Anders dan verweerder in het verweerschrift heeft gesteld, is verder naar het oordeel van de rechtbank niet opvallend dat eiser eerst op 7 november 2006 heeft gereageerd op het aan hem gemaakte verwijt dat hij zich onzedelijk heeft gedragen tegenover vrouwelijke passagiers. Eiser is immers eerst bij brief van 26 oktober 2006 door verweerder geconfronteerd met dit verwijt. Gesteld noch gebleken is dat hij voordien op enig moment door verweerder of door zijn werkgever is geconfronteerd met dit verwijt. Wat hiervan ook zij, uit de in de visie van verweerder late reactie van eiser kan geenszins worden afgeleid dat het verwijt terecht is gemaakt.
In het bestreden besluit is tot uitdrukking gebracht dat verweerder voor wat betreft de weigering eiser een WW-uitkering te verstrekken doorslaggevende betekenis toekent aan de omstandigheid dat eiser in de procedure die uiteindelijk heeft geleid tot de ontbinding van zijn dienstbetrekking bij Taxicentrale Boekema niet heeft verzocht om een ontslagvergoeding. Hoewel de rechtbank op zich begrijpt dat verweerder zich heeft afgevraagd waarom eiser niet heeft verzocht om een ontslagvergoeding, kan hieruit niet zonder meer worden afgeleid dat eiser verwijtbaar werkloos is geworden. Hierbij neemt de rechtbank in aanmerking dat verweerder in het bestreden besluit niet heeft aangegeven hoe het achterwege laten van een dergelijk verzoek zich verhoudt tot het verwijt dat eiser verwijtbaar werkloos is geworden.
Uit het voorgaande volgt dat de door verweerder gestelde feiten de in art. 24 lid 1 onderdeel a WW bedoelde verwijtbaarheid niet kunnen schragen, zodat het primaire besluit van 6 juli 2006 met toepassing van art. 8:72 lid 4 Awb moet worden herroepen en verweerder bij zijn nieuwe besluit van eisers aanvraag het renteaspect moet meenemen. Om die reden wijst de rechtbank eisers verzoek om vergoeding van renteschade als bedoeld in art. 8:73 Awb af.

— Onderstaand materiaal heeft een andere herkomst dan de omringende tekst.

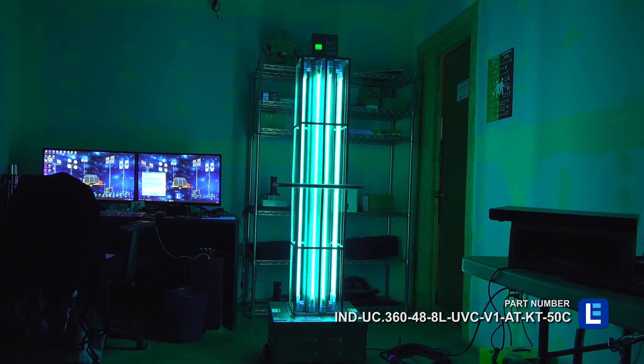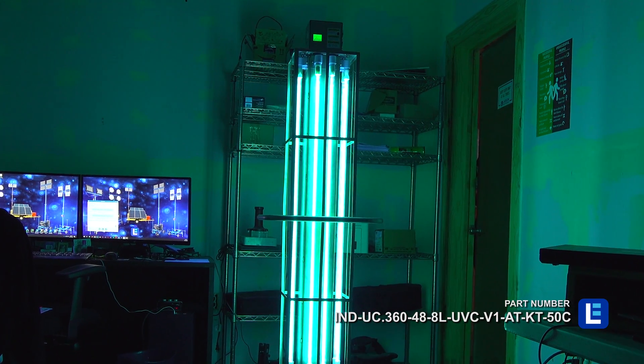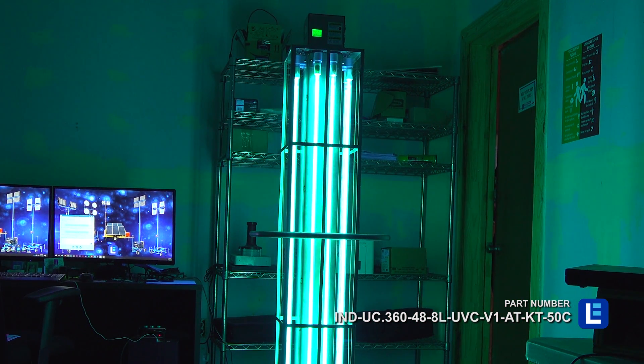The lights have an expected lifespan of 8,000 plus hours and they emit a flood beam pattern. This UV system caters to 3,500 square feet of space with full 360 degrees of coverage.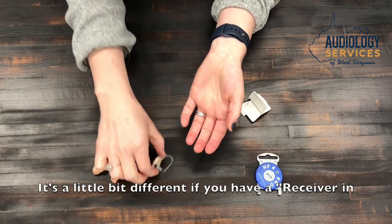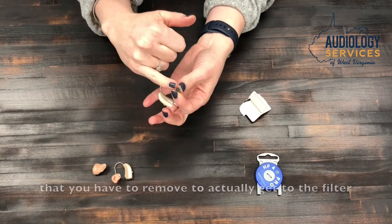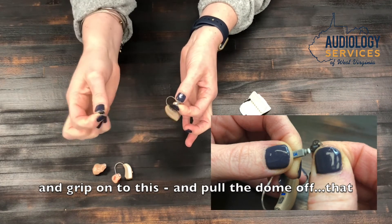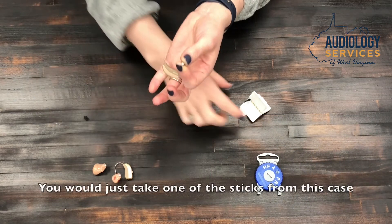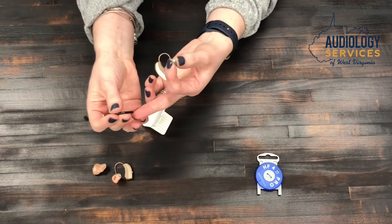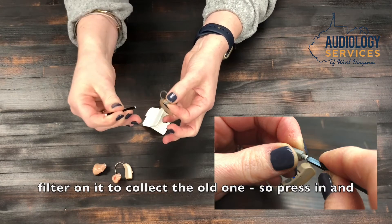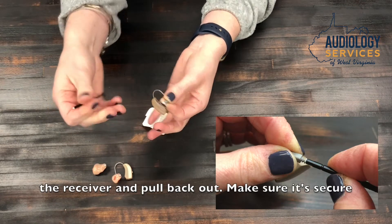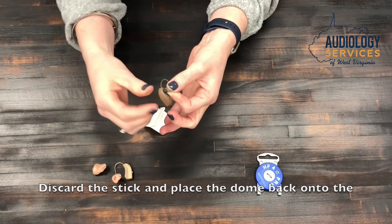It's a little different if you have a receiver-in-the-canal hearing aid that does not have a custom ear mold on the end. In that case there's a dome that you have to remove to get to the filter. Take your fingers, grip the dome, and pull it off — that exposes the filter. From here the steps are the same: use the blank end of a stick to collect the old filter by pressing in and pulling out, turn it over, press the new filter into the receiver and pull back out, make sure it's secure, discard the stick, and then place the dome back onto the receiver.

Gelet op het vorenstaande en op art. 8:74 lid 1 Awb zal de rechtbank bepalen dat het Uwv het door eiser betaalde griffierecht van € 38,00 aan hem dient te vergoeden.

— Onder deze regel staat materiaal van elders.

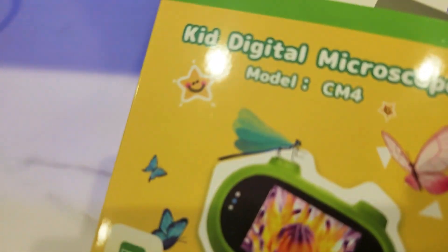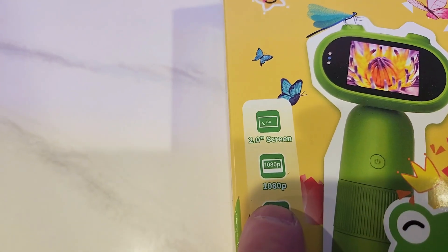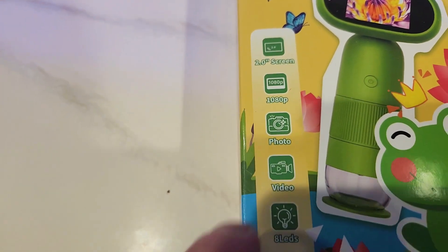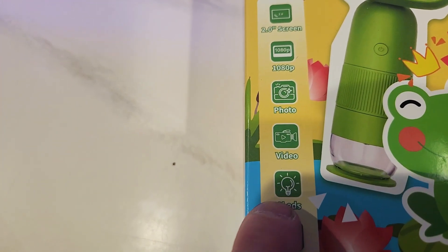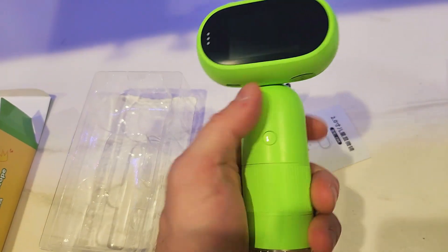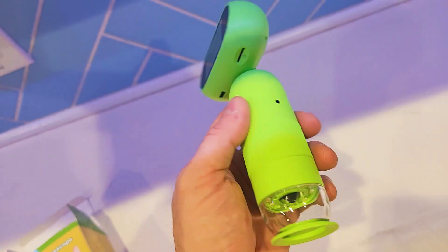Today we're going to look at this kid's digital microscope. It's got a 2-inch built-in screen. It records at 1080p. It takes stills and video. It's got 8 LEDs to illuminate whatever you're looking at, and it's sort of for a 3-plus year old. My kid is extremely inquisitive. It's nice to hold, it looks like a frog, and it stands. So let's go over some of the features on here.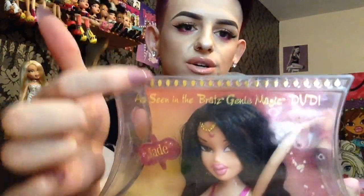In my opinion they made a lot of effort with the packaging on these Genie dolls and I do believe it's supposed to be like a Genie's lamp — this kind of squiggly line shape. I'm sure it's supposed to be the shape of a lantern lamp thing. It has all these little patterns here that are raised out of the plastic. And then on the top it has these little gold circle dot things, and it says 'as seen in the Bratz Genie Magic DVD.'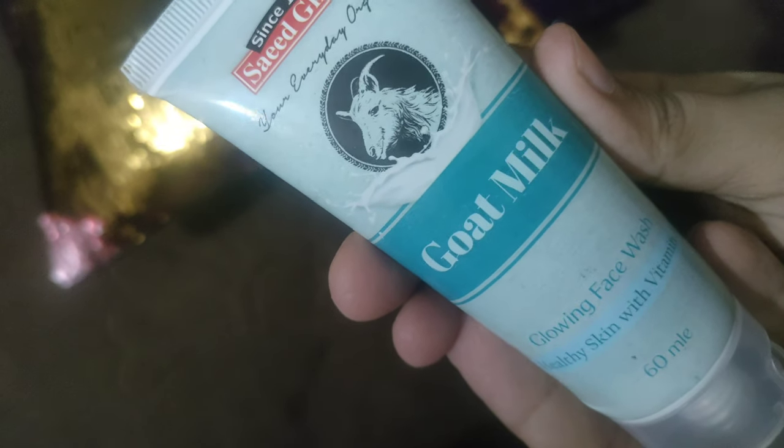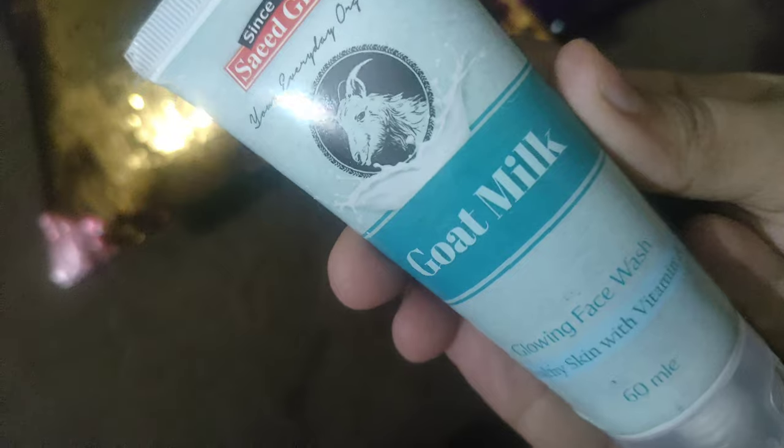This is a Glowing Face Wash — Healthy Skin with Vitamin A. So let's open it and show you.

De rechtbank veroordeelt verweerder onder toepassing van art. 8:75 lid 1 Awb in de proceskosten. Overeenkomstig het bepaalde in het Besluit proceskosten bestuursrecht bedragen de proceskosten van eiser € 644,00 (beroepschrift één punt; verschijnen ter zitting één punt; gewicht van de zaak: gemiddeld; waarde per punt € 322,00) ter zake van door een derde beroepsmatig verleende rechtsbijstand. De rechtbank wijst het Uwv aan als de rechtspersoon die deze kosten aan eiser moet vergoeden.
Beslissing
De rechtbank:
- verklaart het beroep gegrond;
- vernietigt het bestreden besluit;
- herroept het primaire besluit van 6 juli 2006 en bepaalt dat eiser per 1 juni 2006 recht heeft op een WW-uitkering, voor zover de overige bepalingen van WW zich daar niet tegen verzetten;
- bepaalt dat deze uitspraak in de plaats treedt van het vernietigde besluit;
- wijst het verzoek om toepassing van art. 8:73 Awb af;
- wijst het Uwv aan als de rechtspersoon die het door eiser betaalde griffierecht van € 38,00 aan hem dient te vergoeden;
- veroordeelt verweerder in de proceskosten van eiser van € 644,00, onder aanwijzing van het Uwv als de rechtspersoon die deze kosten aan hem dient te vergoeden.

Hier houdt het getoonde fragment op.